Why do these differences exist between men and women?

  • Parenthood entails both responsibilities and constraints.
  • These two elements tend to have a different impact on the employment of mothers and fathers: 
    • For the father, his professional network will view him as assuming responsibility: he may then be seen as a person who can be given more responsibility in his work, which will have a positive impact on his career. Some researchers speak of a « fatherhood bonus »  (Hodges & Budig, 2010 ; Nautet & Piton, 2021 ; Périvier, 2017). 
    • For the mother, on the other hand, her company will see more of the constraints: she may then be perceived as unreliable, more often absent, and less attached to her career progression as she has to concentrate on something other than her work. This is known as the « motherhood penalty » (Budig & England, 2001 ; Périvier, 2017). 
  • This difference in the perception of parenthood is linked to persistent gender stereotypes, which are defined by the United Nations as "a generalized view or prejudice about the attributes or characteristics that women and men possess or should possess and the roles they play or should play". Gender stereotypes can also be defined as "the belief that certain abilities or personality traits specific to boys [men] on the one hand, and girls [women] on the other, are present from birth" (Le Bohec & Lebon, 2021, p. 14).
  • These stereotypes influence our behaviours and increase the likelihood that women will take care of children and household chores: according to researchers, in 2010, women did 71% of the domestic work (cleaning, cooking, laundry) and 65% of the parental work (Champagne et al., 2015).
  • In this study carried out for the INSEE journal Economie et Statistique, domestic work corresponds to “the sum of time spent on cooking, washing up, cleaning, laundry, shopping and various purchases, administrative tasks, and so-called semi-leisure activities (DIY, gardening, pet care, for example)” (p.212), while parental work corresponds to "activities explicitly declared as being devoted to children; it includes care, homework help, leisure and social activities and transport. The time spent organising the children's time and mentally managing daily life, which cannot be quantified, is not taken into account" (p. 212)

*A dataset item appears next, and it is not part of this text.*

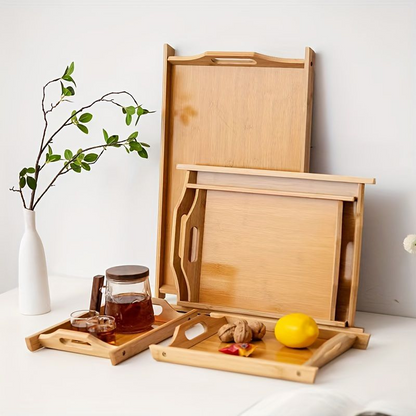 Wooden Tray , made with original wood,serving tray Best Quality made from Hard wood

How can we move towards greater equality?

  • In order to achieve greater equality between men and women, we must focus on both the professional sphere (promoting employment and career development for women) and the family sphere (promoting a better balance of family responsibilities within the couple) (Périvier, 2017).


  • Taking paternity leave and extending its duration represents one solution because:
    • it allows the 'risk of parenthood' to be borne by both men and women: a rebalancing of the duration of leave for mothers and fathers would make it possible to move from a 'maternity risk' that weighs on all working women, to a 'parenthood risk' that would weigh on all parents, but which would have the merit of no longer being gendered (Périvier, 2017);
    • it promotes a better division of chores and responsibilities within the couple (Legendre et al., 2016 ; Pailhé et al., 2018) ;
    • it responds to a social demand, both from men and women: 63% of 18–24-year-olds were in favour of extending paternity leave in 2016 (Antunez & Buisson, 2019).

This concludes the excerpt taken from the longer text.